A 128 core cluster, user is experiencing ‘strange’ delays in their application. It is an MPI code, we found problems in previously.
I have to admit that at first I was amused when someone blamed the MPI stack, claiming it was broken, and did so by demonstrating that they didn’t know how to use an MPI stack. Their test case, literally copied from from an online course (possibly even our course materials), was the MPI-HelloWorld fortran example.
So I demonstrated that this was not correct, that it was working correctly. I see how they made their error, and I made it a bit more … er … consultant proof. Yeah. Thats the ticket.
Then the clock drift was blamed. Since their application didn’t use the clock … and no file time stamps … and … er …

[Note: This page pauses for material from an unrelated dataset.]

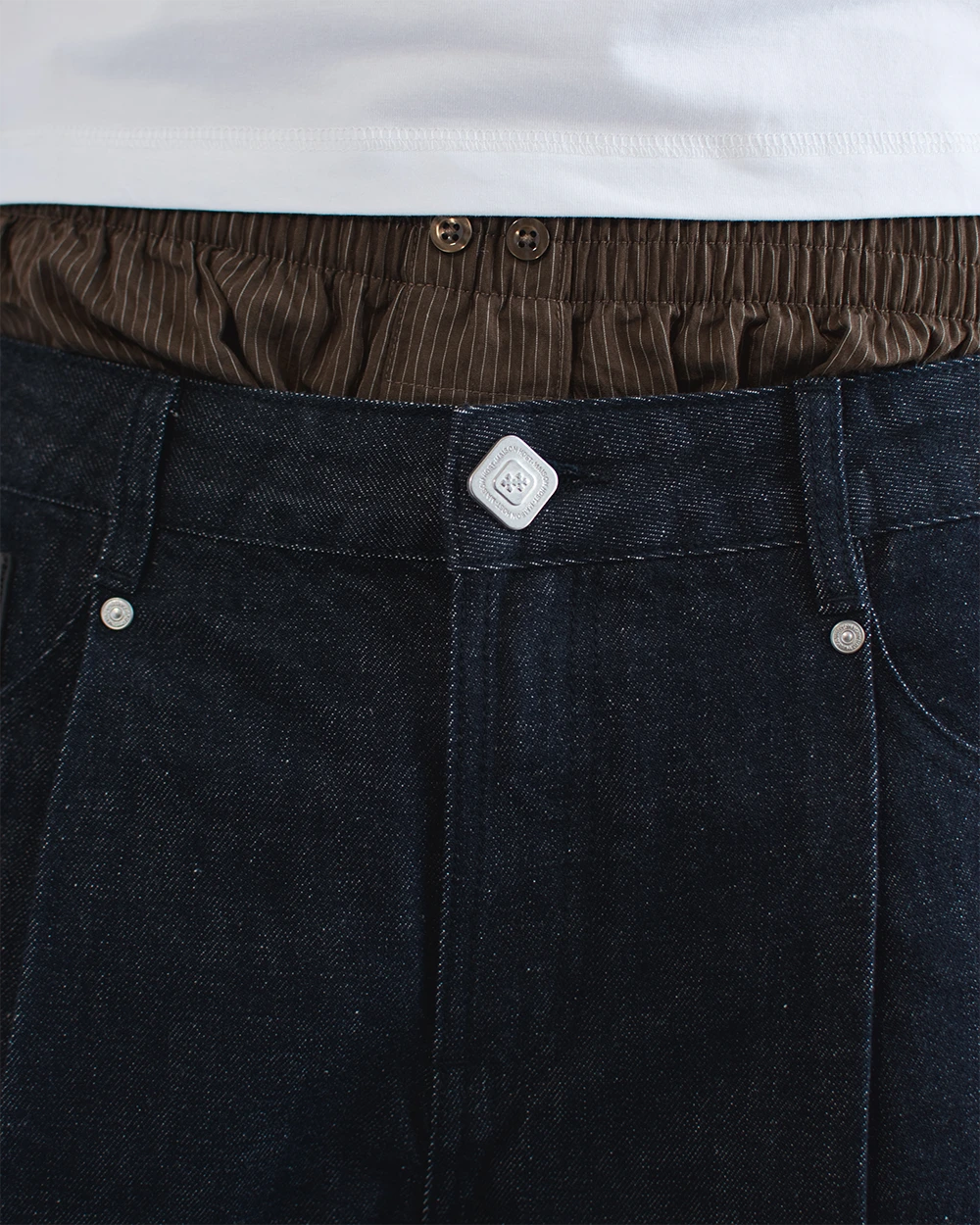 RAW DENIM PLEATED SHORTS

Ok, I eliminated that as well. Clocks reset. I suggested to their admins that maybe we should get together on a call and discuss the problem they are having, see what we can do to identify the real problem, and then work towards a solution. Not much motion here.
Next the file system was blamed. Apparently they haven’t seen attribute caching and were unaware of the semantics of this. So their metadata appeared different.
I am noticing a pattern, one I have seen before. People who have responsibility for one thing are awful quick to point fingers at anything but their one thing.
The problem is, that unless you are a really lucky guesser, without hard evidence, you are going to piss off the people who can help you.
It makes more sense to apply … I dunno … a scientific discovery process … mebbe? to this effort. This is what we do. Everything is on the table beforehand. After we are done, we know what is broken, and have a good idea how to fix it.
Pointing fingers without evidence works contrary to solving problems. It doesn’t help anyone, it wastes everyone’s time, and it colors future interactions, making anything such people say, immediately suspect.